Senior government officials have frequently said that the recent turmoil has nothing to do with religion. Chief of Interior Intelligence Service Pierre de Bousquet told French RTL channel on Wednesday, November 23, Islam should by no way take the blame for the work of angry youths.

“We must address the roots and real reasons behind the unrest,” he said.

Islam Online, 26 November 2005


Although it was quite clear from Finkielkraut’s Ha’aretz interview that he held deeply racist views, as we’ve already noted his comments on the French riots were significantly milder than the Islamophobic rants we hear from Melanie Phillips.

EU Muslims face challenging conditions: report

EUMC report 2005The Muslim minorities in Europe has been subject to increasing discrimination and violent attacks, EU’s racism watchdog said Wednesday, November 23, urging the European countries to do more efforts to combat racism and xenophobia.

“Muslim groups face particularly challenging conditions in many member states,” said the Vienna-based European Monitoring Center on Racism and Xenophobia in its annual report, reported Agence France Presse (AFP) said.

It said that Muslims in Western Europe have been target of a wave of violent incidents in the wake of the March 2004 train bombings in Madrid and the murder of Dutch film maker Theo van Gogh.

The 104-page report said that Muslims and mosques in the Netherlands have been under a wave of racist attacks after Van Gogh’s killing. Van Gogh was shot and stabbed by a Moroccan-Dutch after he had written his anti-Islam film “Submission.”

Up to 6,000 Dutch people staged a mass rally in the capital Amsterdam in September to say “enough is enough” to the right-wing government for what they called racism and discrimination against minorities.

The report also cited a rise in attacks against the Muslim minority in France in the wake of the Madrid train attacks.

Islam Online, 23 November 2005

For the EUMC report, see (pdf) here.

French Muslims change name to get a ‘chance’

“Abdel Rahim” has changed his name to “Peres” and no longer brags about his Arabic roots in public to spare himself police and employers’ discrimination, and dozens have opted for the new lease of life to escape the harsh reality.

“Neither my family in Morocco nor my Muslim colleagues in France knew that I changed my name on official papers,” the 23-year-old French-naturalized Moroccan told IslamOnline.net Monday, November 21. “The new name gave me a job and put me on an equal footing with my work colleagues, who knew nothing about my background.”

He said that his dark complexion further represented a stumbling bloc to his ambitions. “But I found a way out by pretending that I was of Spanish origins,” he said, with a bitter laugh on his face. “When I was Abdel Rahim, I never received any response from five companies for which I had applied,” he added. “But Peres was accepted now in two jobs and has to choose.”
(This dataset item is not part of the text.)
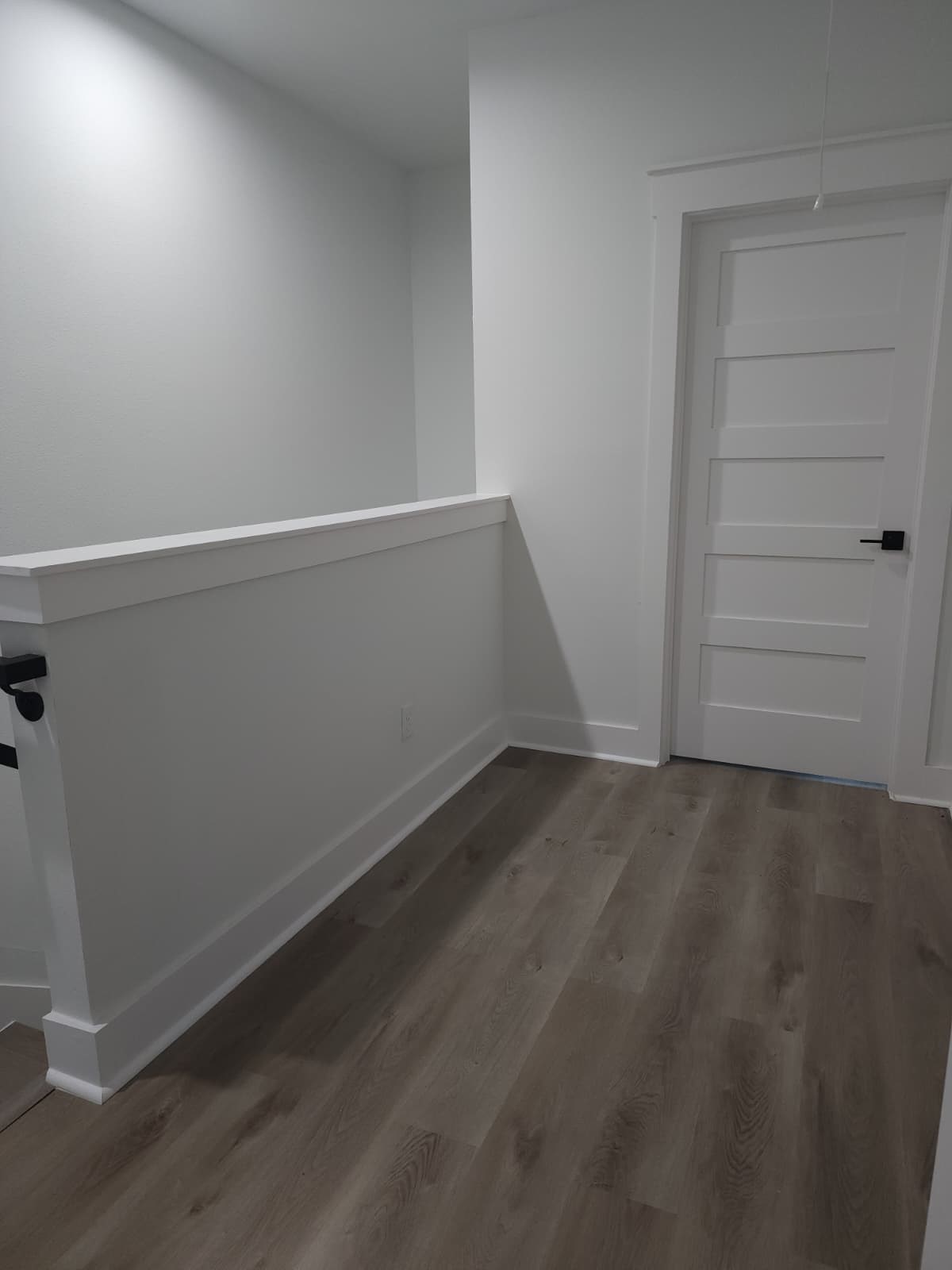 PRACTICAL SPACE FOR HOME OFFICE IN THE PRIVACY OF THE SECOND FLOOR JUST OUTSIDE THE PRIMARY BEDROOM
Islam Online, 21 November 2005

‘Moslem’ rioters driven by hatred of indoor plumbing – shock claim

“The rioters in Clichy-sous-Bois are immigrants alright, immigrants (or the children of immigrants) from North Africa – Moslem immigrants driven by the same burning hatred of the West (democracy, tolerance, sanitation, in-door plumbing) seen in the streets of Tehran, Ramallah, Jakarta and Islamabad.”